**** Given information ****
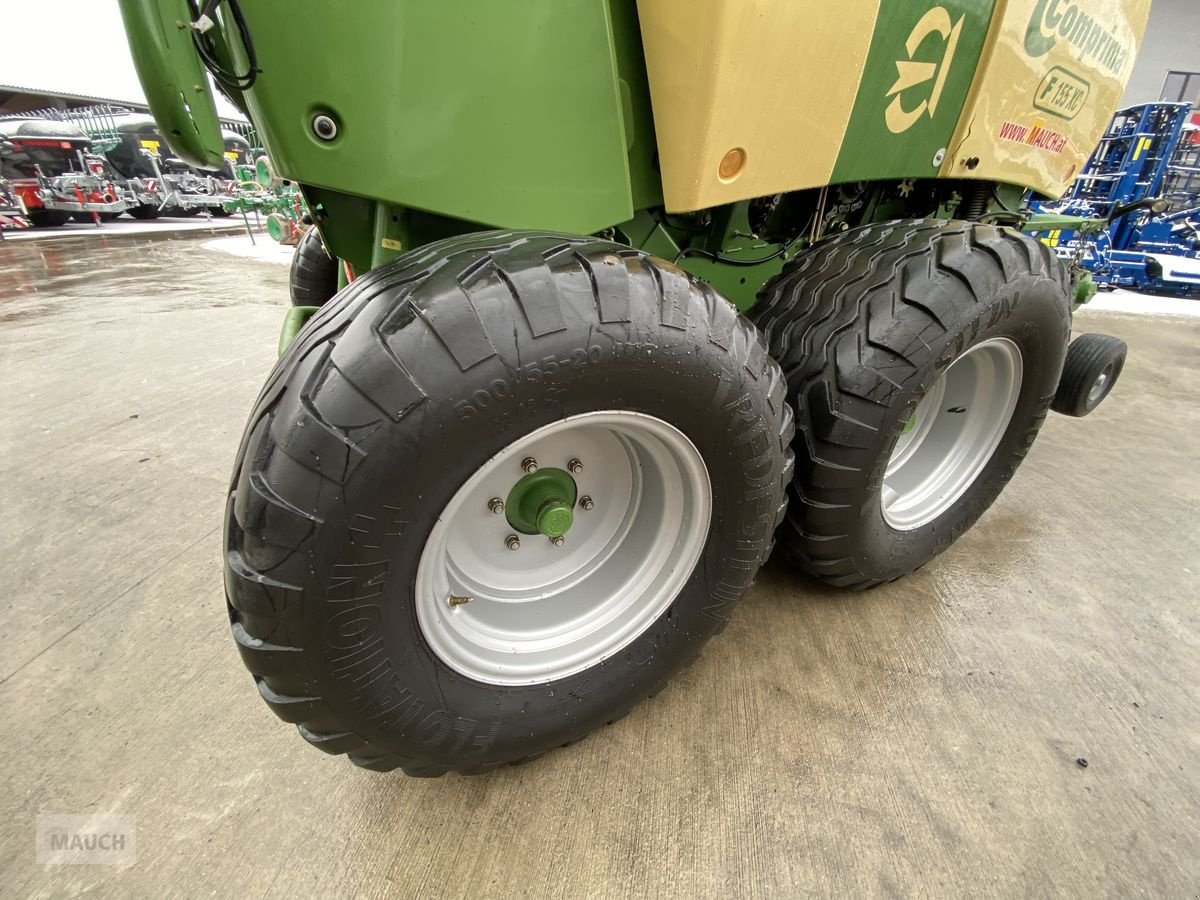 Rundballenpresse типа Krone Comprima F155XC, Gebrauchtmaschine в Burgkirchen (Фотография 12)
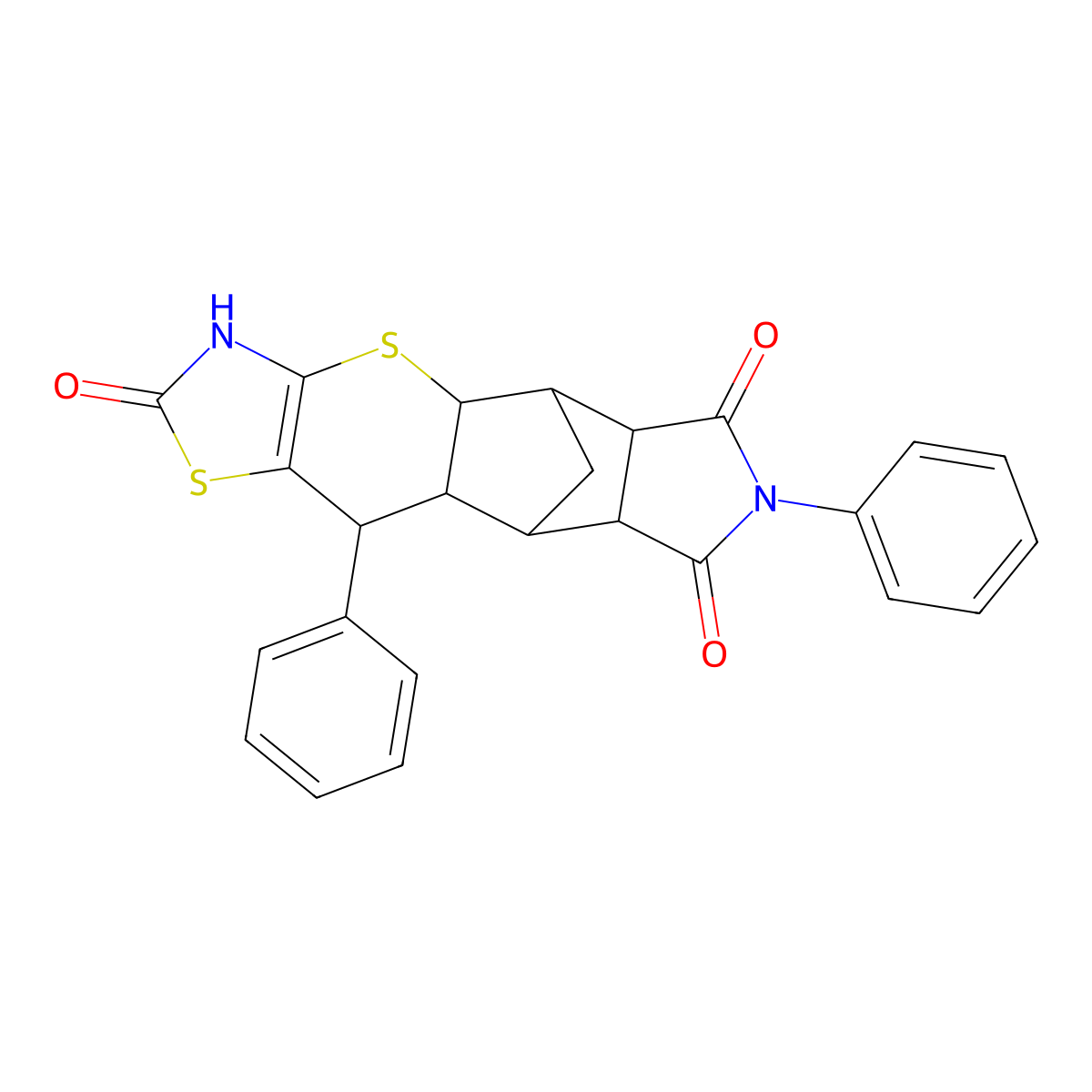 TSHR antagonist S37 molecular structure, CAS 1217616-61-9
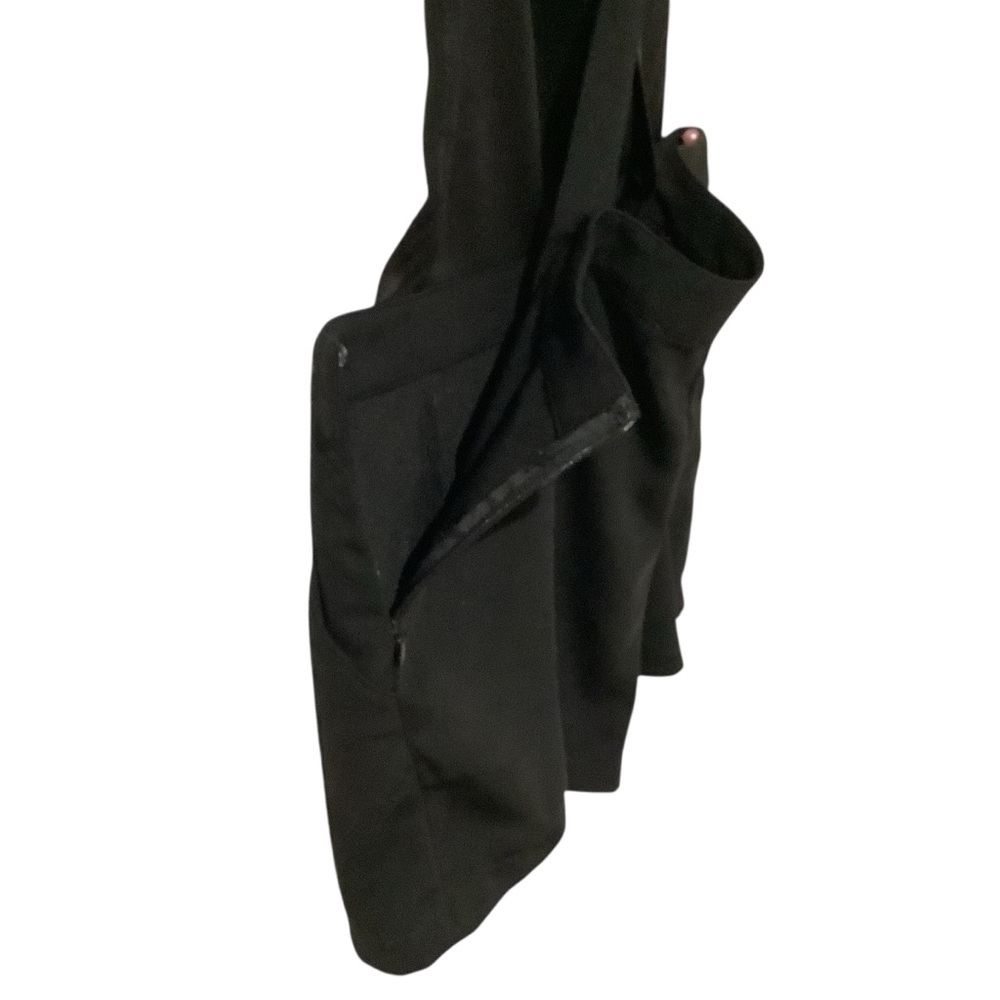 One Clothing Black Shorts Romper Worn Once! Size M - Picture 6 of 8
****
What you have to do ▸
Would you give the data above again word for word, minus the pictures?

Result below ▸
 Rundballenpresse типа Krone Comprima F155XC, Gebrauchtmaschine в Burgkirchen (Фотография 12)
 TSHR antagonist S37 molecular structure, CAS 1217616-61-9
 One Clothing Black Shorts Romper Worn Once! Size M - Picture 6 of 8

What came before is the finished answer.